I didn’t realize until I got near the end of the book that one of the themes was story. It’s hard to tell a story about a difficult, difficult experience. It’s hard to tell a story with a beginning and middle and an end, one that concludes everything neatly. Even though I knew this idea, because it’s an idea that I teach a lot, I didn’t realize until the end of the book that I had been writing about that very idea. There are a lot of references in the book to how it’s hard to tell this story—I don’t know how to tell this story; I’m going to try and tell the story again; OK, now I’m starting to tell the story again; OK, now I’m going to try again—so I hope that at least some of the readers opening this book can find some permission not to try to tell their story in the ways that we’re often asked to tell a story. To tell it differently, with difficulty. There is a lot of pain in the book, and so the book is also trying to dwell in that space, and not trying to resolve it through the poem. I’m not looking to the poem as a resolution but as a space to hold it and let it be what it is. 

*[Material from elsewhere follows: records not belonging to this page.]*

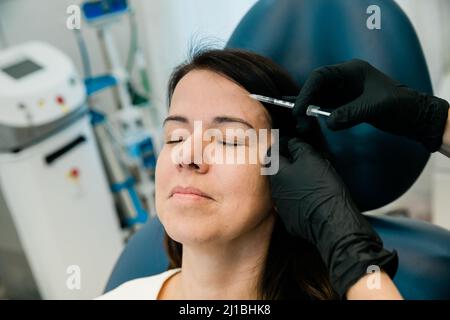 Nahaufnahme einer Frau, die Botulinumtoxin oder Füllstoffe auf Stirn und Gesicht bekommt Stockfoto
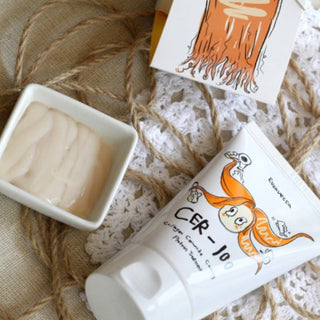 Elizavecca CER-100 Collagen Coating Protein Treatment bottle, hair care product for nourishing and strengthening hair.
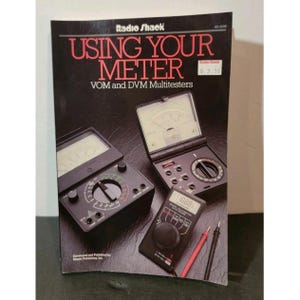 Puede incluir: Un libro vintage de Radio Shack titulado "Using Your Meter" con el subtítulo "VOM and DVM Multitesters". La portada presenta imágenes de multímetros. La portada del libro es negra con texto rojo y blanco.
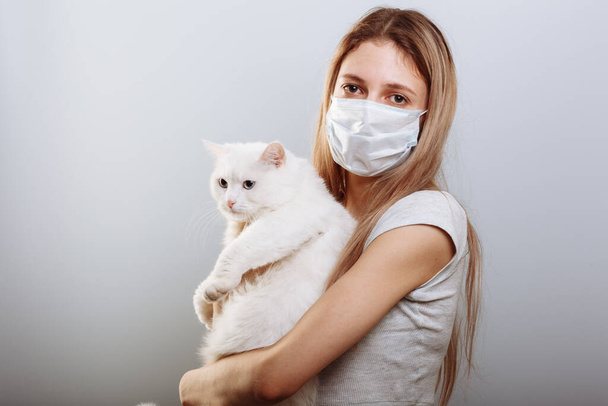 Frau in Schutzmaske hält Katzenhaustier in Gesichtsmaske. Chinesische Coronavirus-Krankheit COVID-19 ist gefährlich für Haustiere. - Foto, Bild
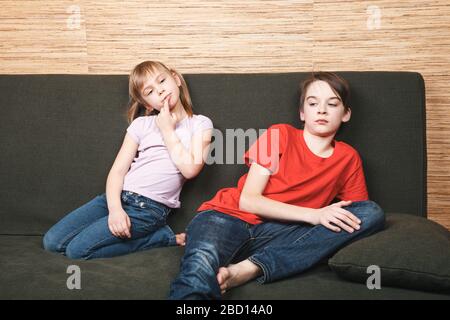 Frustrierte Geschwister sitzen auf einem Sofa, das zu Hause in Selbstisolation stecken blieb. Quarantäne und Sperrung von Schutzmaßnahmen gegen die Ausbreitung von Coronavirus Stockfoto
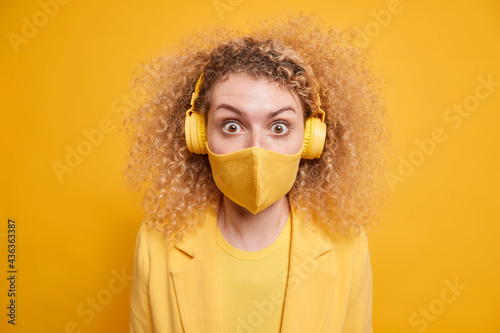 Surprised curly woman focused at camera wears protective face mask against coronavirus in public places listens music uses wireless headphones enjoys good sound quality isolated on yellow wall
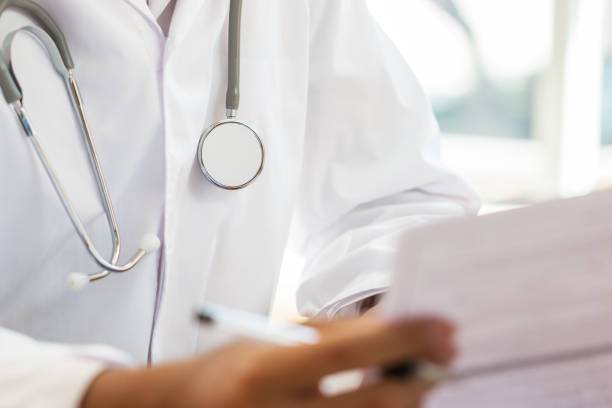 istock Female Doctor using tablet computer with white gown suite wearing Stethoscope on neck for seaching information treating patients in hospital or clinic, Healthcare medical concept 1132773493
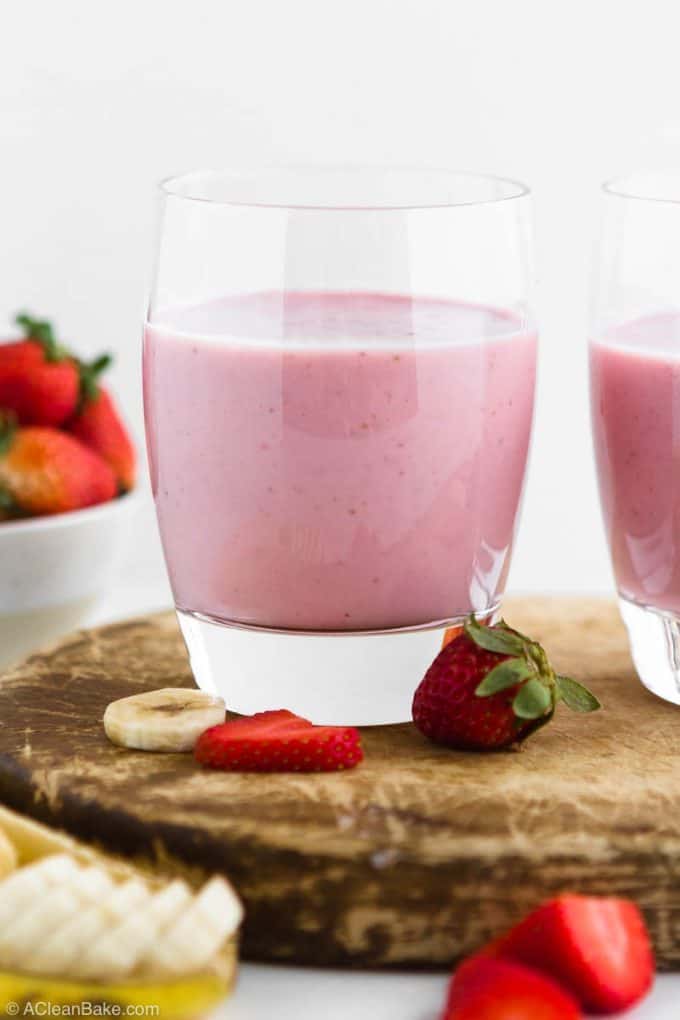 Strawberry Banana Smoothie med tilsat protein i en kop, der står på et skærebræt omgivet af frugt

How does your writing intertwine with your teaching? 

All the time. Literally, I wrote some of the parts of this book in class with my students. Every time I give my students a writing exercise, I do that exercise alongside them, and I often lead us through a responsive writing exercise with a poem by Leslie Scalapino called ‘Vessels.’ [This is the passage Bloch reads in the accompanying audio recording.] We were all writing responses to the poem and responses to what we were hearing each other read. So that’s literally in the pages of this book. I use what I’ve learned as a writer when I work in the classroom, and I use what I’ve learned in the classroom when I’m writing. That’s what I love about our creative writing program. For everyone teaching here, our writing practice is so central to everything that we do.